EXERCISE
An exact copy of every entry is required, without the pictures.

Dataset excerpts
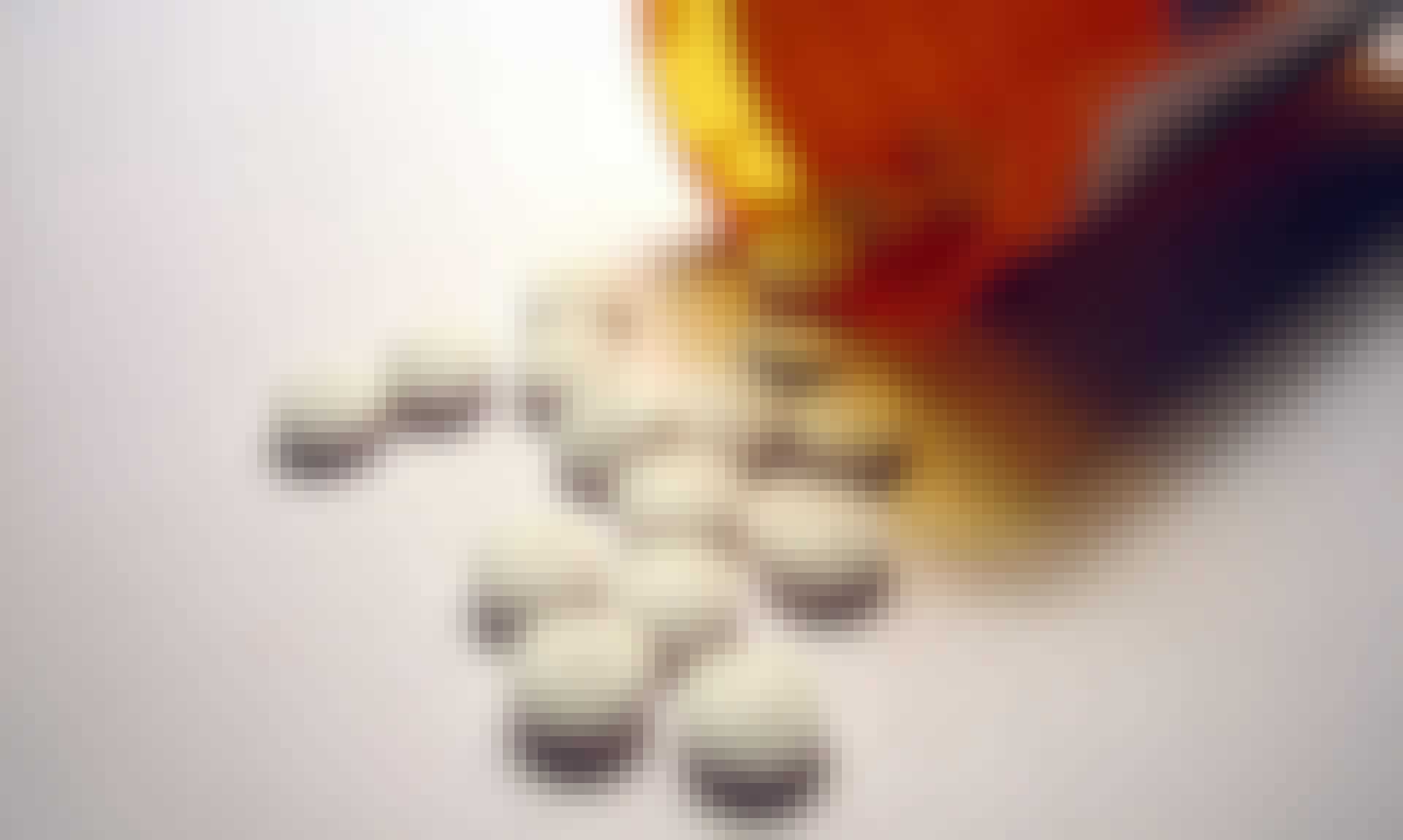 Lexapro pills Lexapro pills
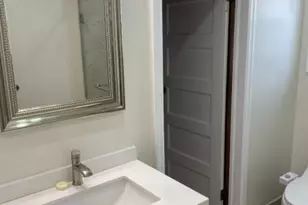 12 Tromp St, Clifton, NJ 07011 - Photo 10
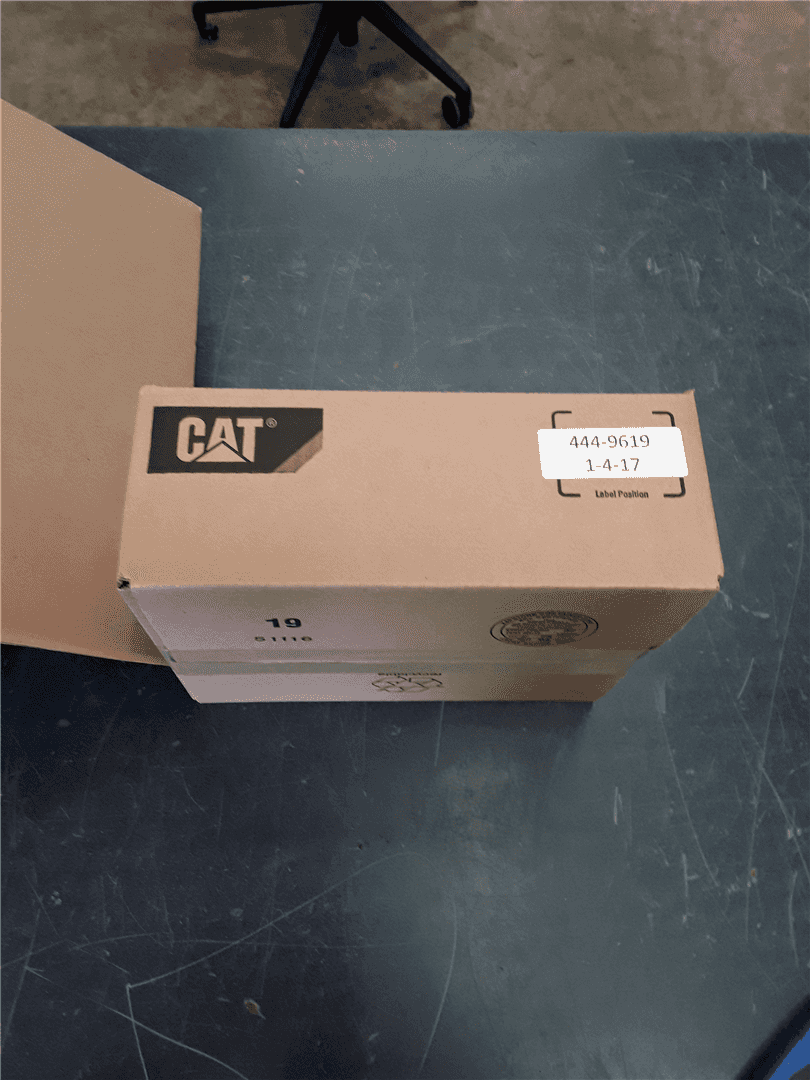 NEW INSTL GP image 3
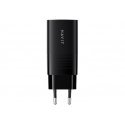 Havit UC20 EU mobile device charger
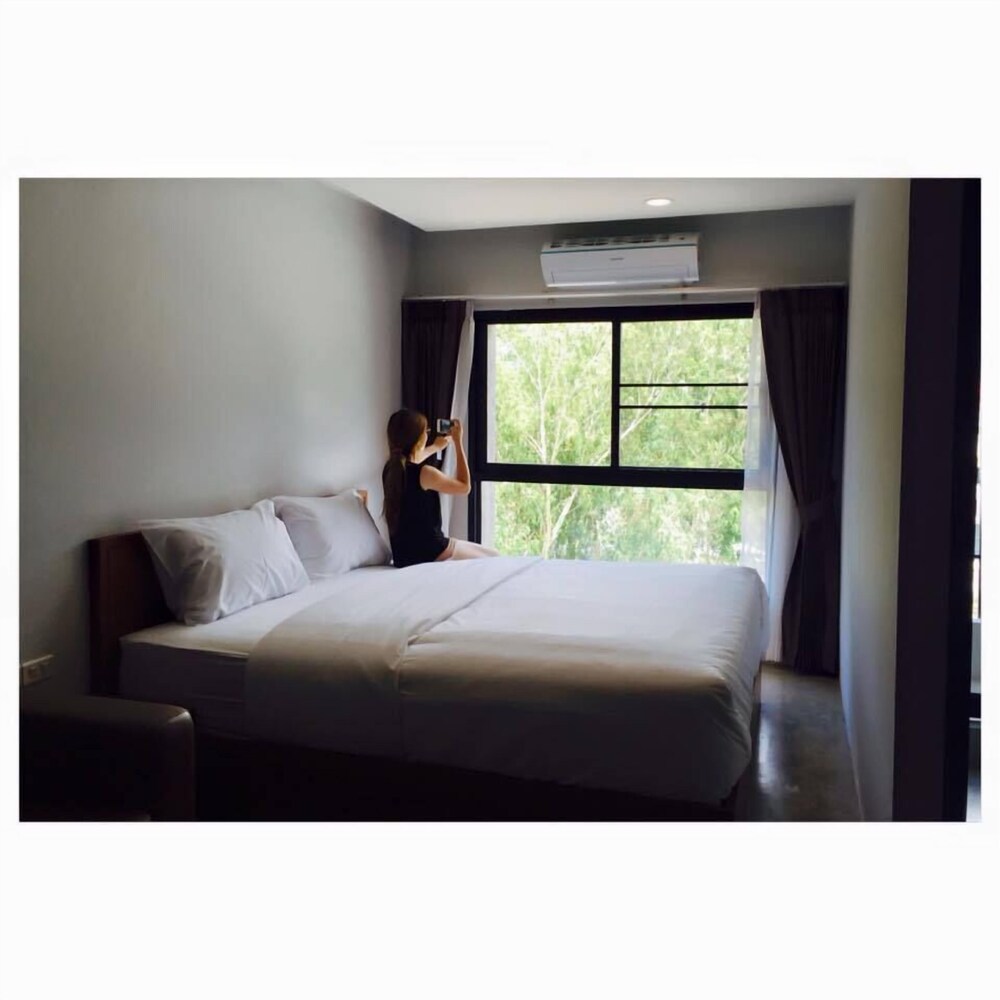 Kanith Place 13/23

THE ANSWER
 Lexapro pills Lexapro pills
 12 Tromp St, Clifton, NJ 07011 - Photo 10
 NEW INSTL GP image 3
 Havit UC20 EU mobile device charger
 Kanith Place 13/23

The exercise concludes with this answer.